C. La justice interpersonnelle
La façon dont l'individu est traité par ses pairs est très importante. On n’ignore pas les risques psychosociaux encourus dans un cadre humain hostile quand bien même l’organisation est stable.
Il faut imaginer que lors de changements, nos comportements tendent à se modifier. Les tensions sont exacerbées car l’homme n’aime pas le changement. Le changement est un passage à l’action et mobilise beaucoup d’énergie (cognitive, physique, etc.). Cette puissance, mal canalisée, peut provoquer des ambiances très délétères. Cela rend encore plus attentif l’acteur, dans une posture d’hypervigilance, à tous les écarts des autres. Bies et Moag (1986) mettent en évidence 4 critères particulièrement sensibles à savoir « l’honnêteté, la courtoisie, le respect des droits et la décence du comportement. » (Janiczek et al., 2012)

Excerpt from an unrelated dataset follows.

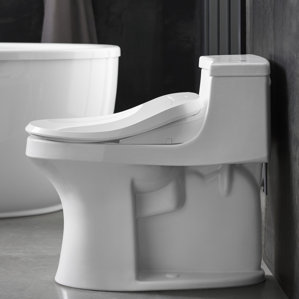 Toilet Seats You\'ll Love | Wayfair Toilet Seats You\'ll Love | Wayfair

D. La justice informationnelle
La dernière forme de justice à l’œuvre est celle qui régit le système d’information, notamment la justification autour des décisions prises lors du changement. La justification doit être considérée comme les différences entre les décisions et les actions.

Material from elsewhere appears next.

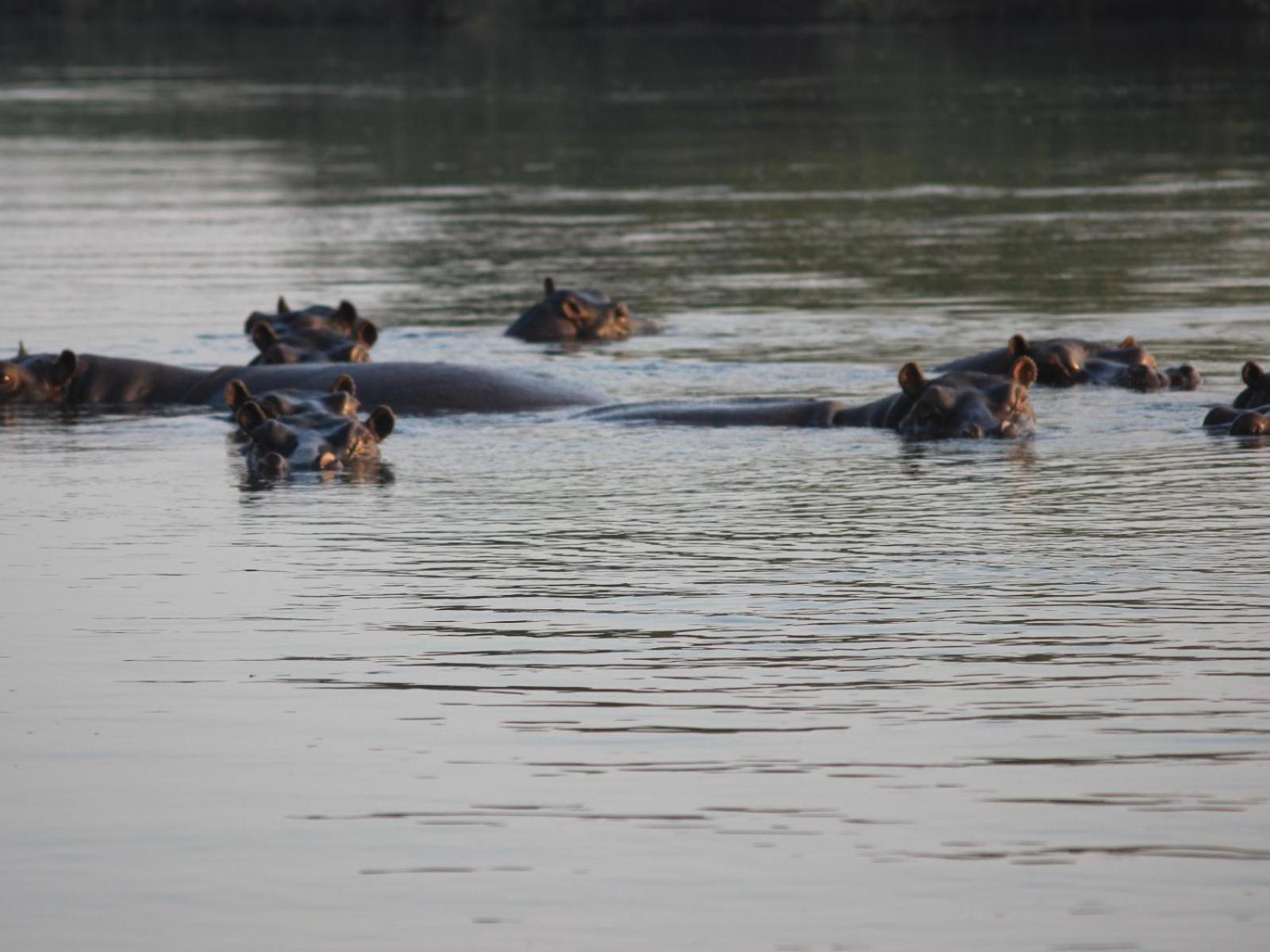 Ndhovu Safari Lodge Mahango Eksteriør billede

Nous en revenons à un problème de dissonance cognitive, mais à une plus grande échelle. Citons un exemple. La hiérarchie fixe un délai de réalisation. Sans avertissements, elle avance cette date quelques mois après. Quelle sera la première réclamation ? « On aurait pu nous prévenir avant de décider ». Il y a un fossé entre les décisions et les possibilités ou capacités de réalisation. Non seulement l’information est inexistante, mais également irrespectueuse du savoir-faire des acteurs en première ligne.
Dans le prochaine épisode, le principe de l’exemplarité sera mis sur la scène.
Sources :
Bies R.J. et Moag J.S., “Interactional justice : Communication criteria for fairness” dans B. Sheppard ‘Ed.) Research on Negotiation in Organization, Vol.1, Greenwitch, CT : JAI Press, 1986, pp.43-55.
El Akremi A., Guerrero S., Neveu J-P, Comportement organisationnel, Justice organisationnelle, enjeux de carrière et épuisement professionnel, volume 2, Bruxelles, De Boeck Université, Chapitre 1,2 et 3, 2006
Frimousse, S., Peretti, J.M., et Swalhi, A., « La diversité des formes de performance au travail : le rôle de la justice organisationnelle », Management & Avenir, vol. 18, no. 4, pp. 117-132, 2008.
Janiczek, M., D’Hoore W. , Vas, A.,. « Comprendre la justice organisationnelle en contexte de changement : une étude exploratoire en milieu hospitalier », Question(s) de management, vol. 0, no. 1, 2012, pp. 97-115.
Leventhal, G. S., « What should be done with equity theory ? », in M. S. Gergen et R. H. Willis (éd.), Social exchange : Advances in theory and research, Plenum Press, New York, p. 27–55, 1980
Melkonian, T., Change acceptance : the role of exemplarity, EM lyon Ecully, 2004.
Melkonian, T., et al. « Être juste, ou être exemplaire ? La fusion Air France-KLM à la loupe », Revue française de gestion, vol. no 164, no. 5, 2006, pp. 229-252.
Thibault J. et Walker L. (1978) A theory of procedure, California Law Review, 66 pp.541-566.